To be fair, not every seller will be willing (or even understand) the concept outlined. Your better guess is to locate a property that the owner has great desire for selling, whether because they are moving, a divorce settlement, or frustration with the folks renting the property.
Actually, if you maybe currently renting and thinking about using this strategy perhaps the owner would be glad to assist you! There are several variations that could be used depending upon you and your vendor. Do they desire the market price or are they just desperate to get out of the monthly payments – perhaps facing foreclosure?
The simplest way is to take over their mortgage repayments – called ‘assuming’ the mortgage. You will need to be approved by the initial lender to presume the mortgage. If you cannot get approved for an assumable mortgage you could as well try a ‘subject to’ assumption where you merely make obligations while the property remains in the seller’s name.
You take over the original mortgage and get a 2nd mortgage on the remaining cost of the property with the seller. Offer a high, interest-only payment for a short time frame – 2 or three years. Instead of having the money sit down in a bank they could be collecting a high interest over 2 or 3 years with the rest due in full at the end of the investment term.
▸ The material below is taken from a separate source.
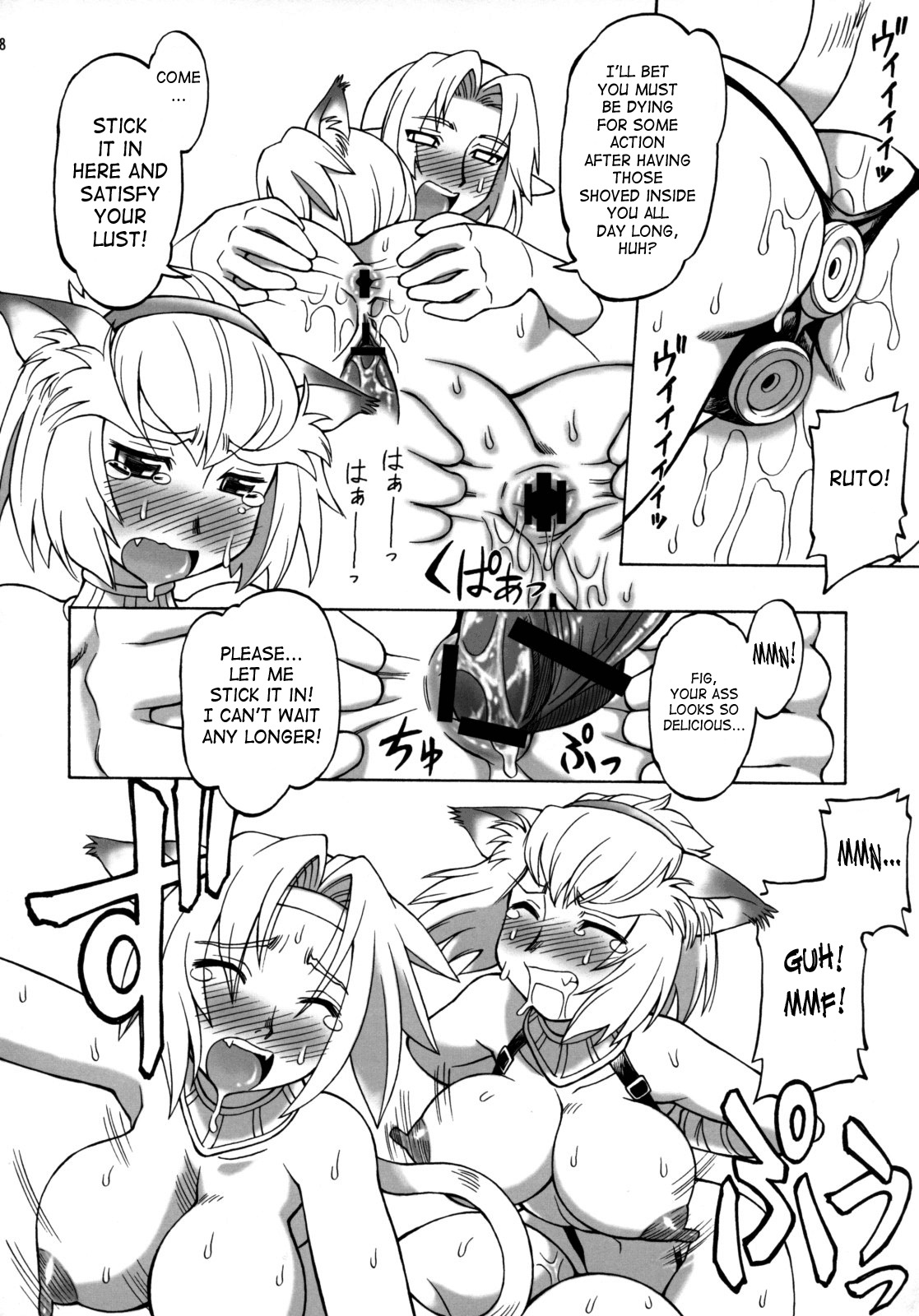 (C74) [Jack-O'-lantern (EBIFLY, Neriwasabi)] WAY OF THE DRAGON (Final Fantasy XI) [English] [SaHa] [Incomplete] page 15 full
When the term draws to a close you need to be able to refinance the cost, or you could sell. Unless you hit a genuine bad market the value of the house should have risen by then.
A lot of mortgage lenders merely need to make a good investment. While your local bank could still be scared there are plenty of financial lenders that would want to make a deal. Financiers like real estate. The mortgage is mostly around 60-70% of the value of the property, so as long as they understand they get their money back in the value of the property if you default, they don’t care what sort of revenue you make. Complete the deal with a 2nd mortgage created with the seller. In case you default they can still foreclose on the property and sell it, paying down the existing mortgage with the proceeds.
Now you can observe the whole picture. It is good that seller and buyer can work hand in hand. In the event they can’t wait for a sale, you could still give them their initial price with a little versatility on their part.